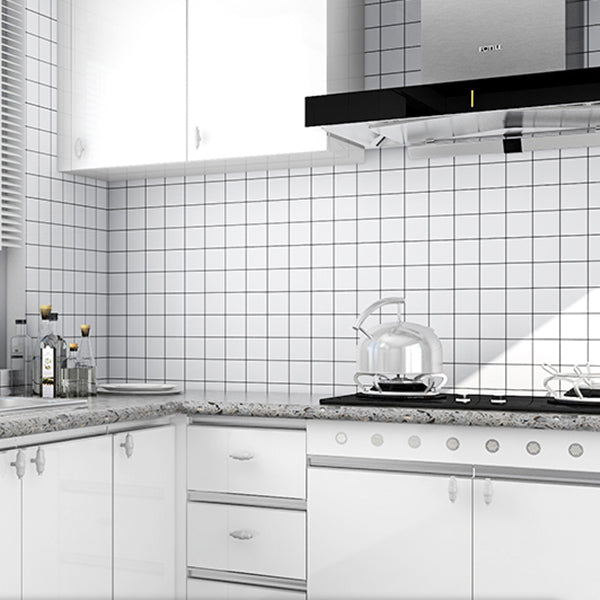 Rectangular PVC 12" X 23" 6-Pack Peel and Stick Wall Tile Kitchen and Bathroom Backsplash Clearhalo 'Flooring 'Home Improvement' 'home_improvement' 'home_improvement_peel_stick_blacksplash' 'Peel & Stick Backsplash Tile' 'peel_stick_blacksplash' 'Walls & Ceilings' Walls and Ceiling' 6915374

■ ■ ■ ■ ■

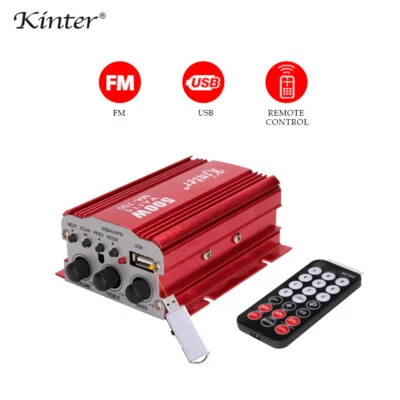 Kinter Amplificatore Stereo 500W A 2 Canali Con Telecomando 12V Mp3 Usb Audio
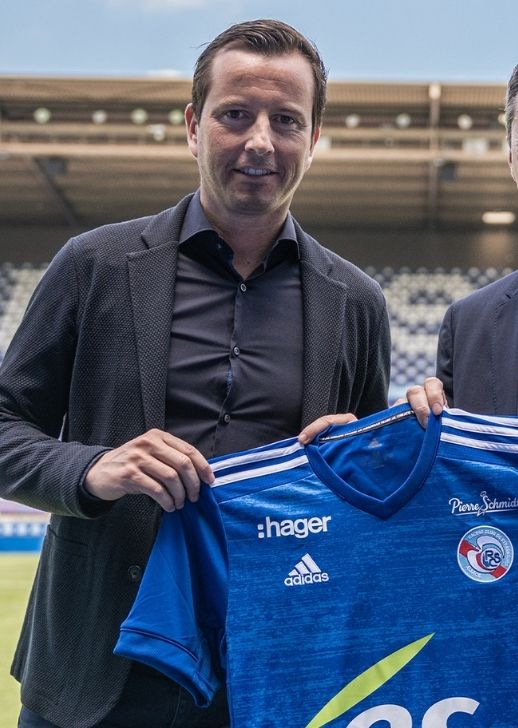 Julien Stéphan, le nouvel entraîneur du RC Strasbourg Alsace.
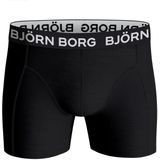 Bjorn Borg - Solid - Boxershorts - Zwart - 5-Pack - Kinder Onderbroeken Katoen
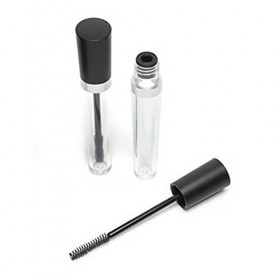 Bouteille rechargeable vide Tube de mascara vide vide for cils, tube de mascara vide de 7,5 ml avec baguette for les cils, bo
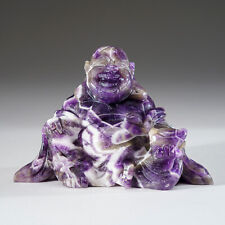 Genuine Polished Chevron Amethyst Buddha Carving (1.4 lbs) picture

■ ■ ■ ■ ■

◆ **What the exercise asks**
Exact copy, pictures excluded: from the line with "Bouteille rechargeable vide" up to and including the line with "Genuine Polished Chevron" in the data above.

◆ **Final answer**
 Bouteille rechargeable vide Tube de mascara vide vide for cils, tube de mascara vide de 7,5 ml avec baguette for les cils, bo
 Genuine Polished Chevron Amethyst Buddha Carving (1.4 lbs) picture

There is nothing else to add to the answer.